Measurement of anti-DFS70 antibodies in patients with ANA-associated autoimmune rheumatic diseases suspicion is cost-effective.

Abstract

The presence of antinuclear antibodies (ANA) is associated with a wide range of ANA-associated autoimmune rheumatic diseases (AARD). The most commonly method used for the detection of ANA is indirect immunofluorescence (IIF) on HEp-2 cells. This method is very sensitive but unspecific.

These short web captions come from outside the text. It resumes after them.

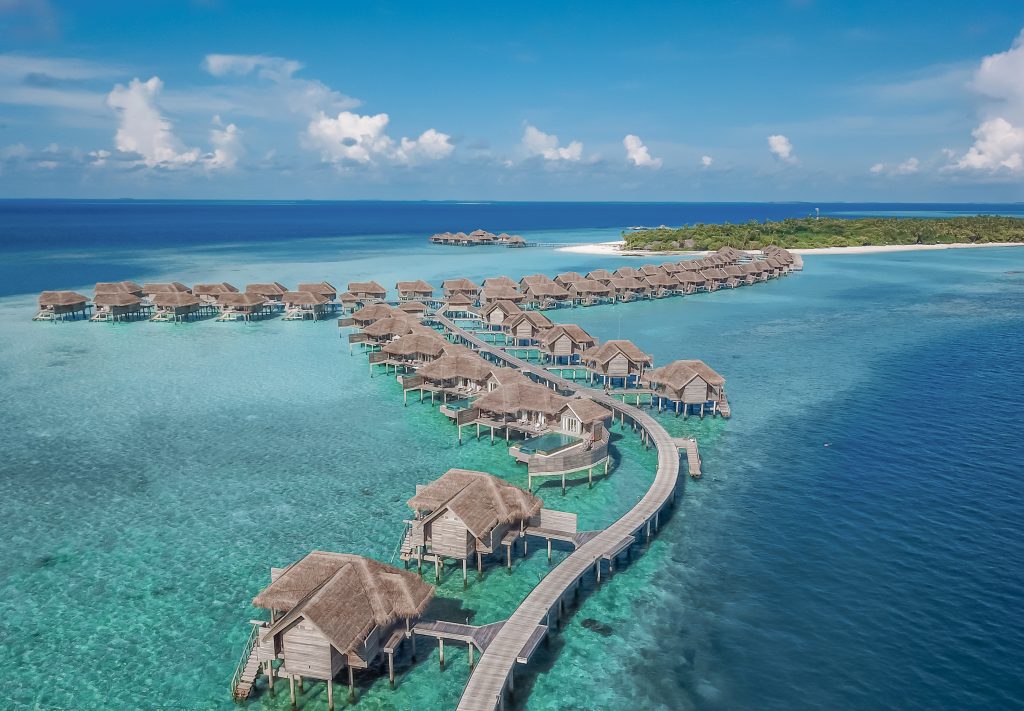 overwater bungalows in baby blue water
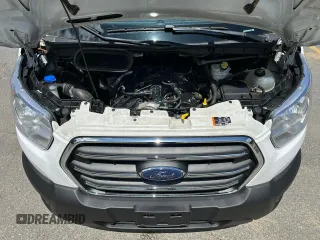 2020 Ford Transit Cargo z VIN 1FTBR1CG3LKB36452, wystawiony jako Copart lot #58659545 z przebiegiem 171 504 mil mil oraz Tytuł czysty. Historia ofert i sprzedaży dostępna na DreamBid. Obrazek 5.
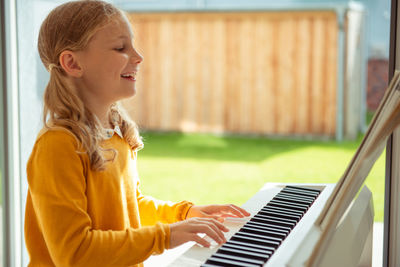 Side view of smiling girl playing piano at home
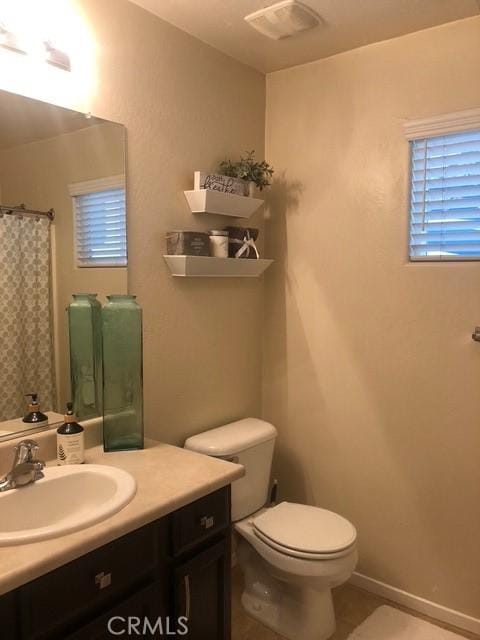 bathroom with visible vents, baseboards, toilet, tile patterned floors, and vanity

As a consequence, ANA testing on HEp-2 substrates outside a proper clinical specialist framework may lead to inappropriate referrals to tertiary care specialists and, worst case inappropriate and potentially toxic therapy for the patient. Among ANA, isolated anti-DFS70 antibodies represent a potentially important biomarker that can be clinically used to discriminate AARD from non-AARD patients in ANA IIF positive individuals. Therefore, their presence may avoid unnecessary follow-up testing and referrals. In our study, we investigated if the implementation of a new ANA workup algorithm allowing for the identification of anti-DFS70 antibodies is cost-effective through the reduction of both unnecessary follow-up testing and outpatient clinic visits generated by the clinical suspicion of a potential AARD. None of the 181 patients included with a positive monospecific anti-DFS70 antibody result developed SARD during the follow-up period of 10 years. The reduction in number of tests after ANA and anti-DFS70 positive results was significant for anti-ENA (230 vs. 114 tests; p < 0.001) and anti-dsDNA antibodies (448 vs. 114 tests; p < 0.001). In addition, the outpatient clinic visits decreased by 70 % (p < 0.001). In total, the adoption of the new algorithm including anti-DFS70 antibody testing resulted in a cost saving of 60869.53 € for this pilot study. In conclusion, the use of anti-DFS70 antibodies was clearly cost-efficient in our setting.